Set to release in North America on January 2, 2018, Everless is Sara Holland’s triumphant debut novel. Fans of Victoria Aveyard (the Red Queen trilogy), Kendare Blake (Three Dark Crowns), Vic James (the Dark Gifts Trilogy) and Stephanie Garber (Caraval) will devour this lush novel’s breathtaking action, incredible romance, and dangerous secrets. I simply couldn’t wait to start reading it – the description had me intrigued – and after a relative dry-spell of fantastic books, I was in need of a good read!
In the kingdom of Sempera, time is currency—extracted from blood, bound to iron, and consumed to add time to one’s own lifespan. The rich aristocracy, like the Gerlings, tax the poor to the hilt, extending their own lives by centuries. No one resents the Gerlings more than Jules Ember. A decade ago, she and her father were servants at Everless, the Gerlings’ palatial estate, until a fateful accident forced them to flee in the dead of night. When Jules discovers that her father is dying, she knows that she must return to Everless to earn more time for him before she loses him forever. But going back to Everless brings more danger—and temptation—than Jules could have ever imagined. Soon she’s caught in a tangle of violent secrets and finds her heart torn between two people she thought she’d never see again. Her decisions have the power to change her fate—and the fate of time itself.
When I first opened my December FairyLoot box, I was so excited to see that Everless was the book of the month. Not only would I have the opportunity to read the book well before it’s North American release date, it also made the perfect early Christmas gift, since I simply couldn’t wait to start reading it! Yet I was still hesitant to dive right in, especially since most YA Fantasy books have just been serving up disappointment and mediocrity of late.
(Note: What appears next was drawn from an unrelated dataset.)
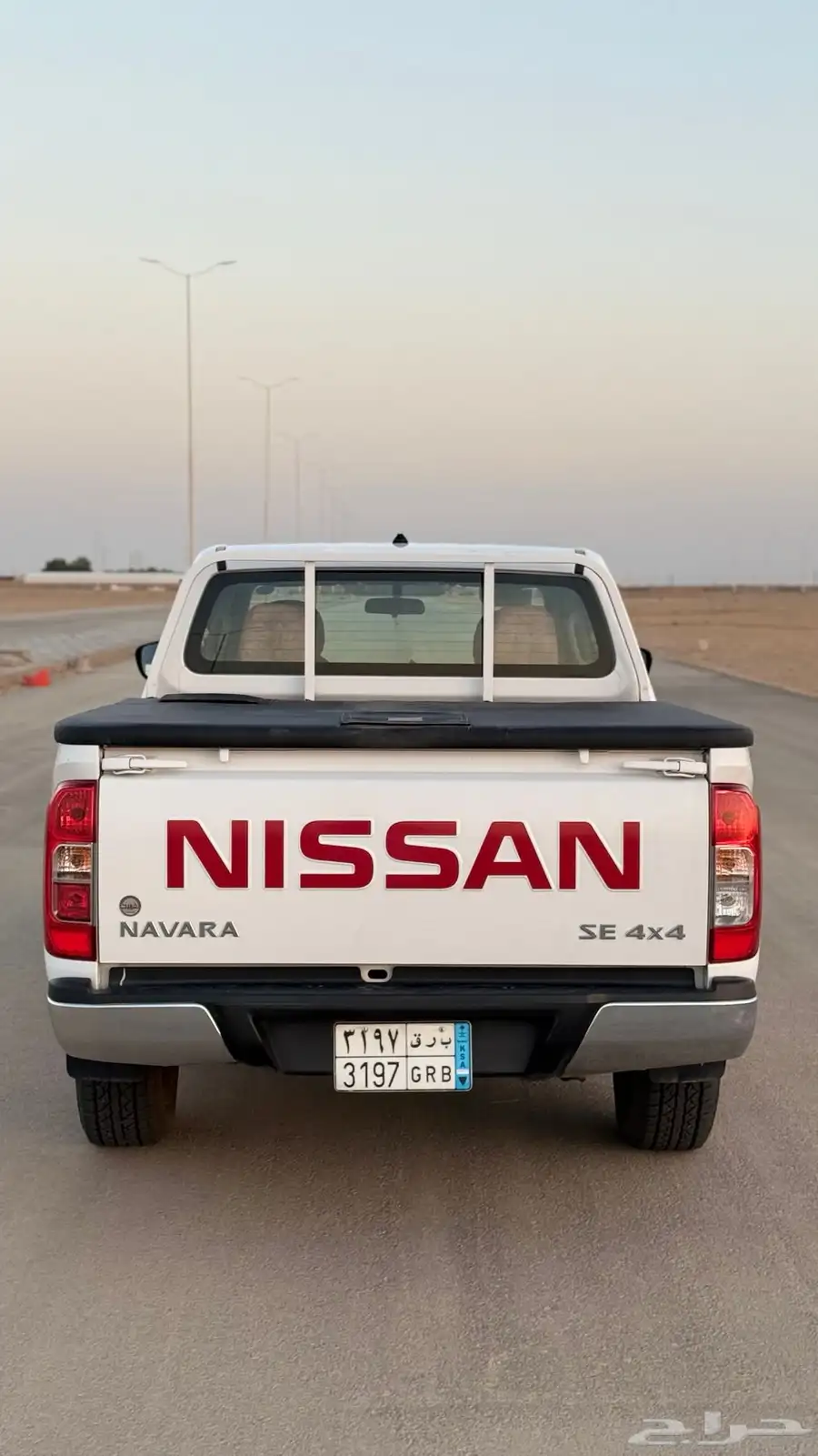 نيسان نافارا 2020 ديزل 5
I know I shouldn’t go into a book expecting the worst, but these days it’s hard not to approach any new YA fantasy without some trepidation – the genre is often tropey and unoriginal. Publishers churn out versions of the same old story again and again – especially when it comes to the horribly over-saturated genre of retellings. But thankfully, Everless was not a complete disappointment – in fact, despite some problems, I actually quite enjoyed Holland’s debut novel.
Everless introduces a world where time is currency and a person’s time can be drained or added to through blood. Punishments often involve bleeding a person’s time from them, which in this world is the morbid equivalent of paying a fine. The richest, of course, have the most time and can, in theory, live indefinitely. While the poorest – like Jules Ember and her Papa – must literally bleed themselves dry to pay rent, cutting their lifespan down further and further. How awful to imagine a world where people bleed themselves, take years off their lives, to give their children a better life. And yet, it is the perfect metaphor for what many impoverished parents in our world do for their kids.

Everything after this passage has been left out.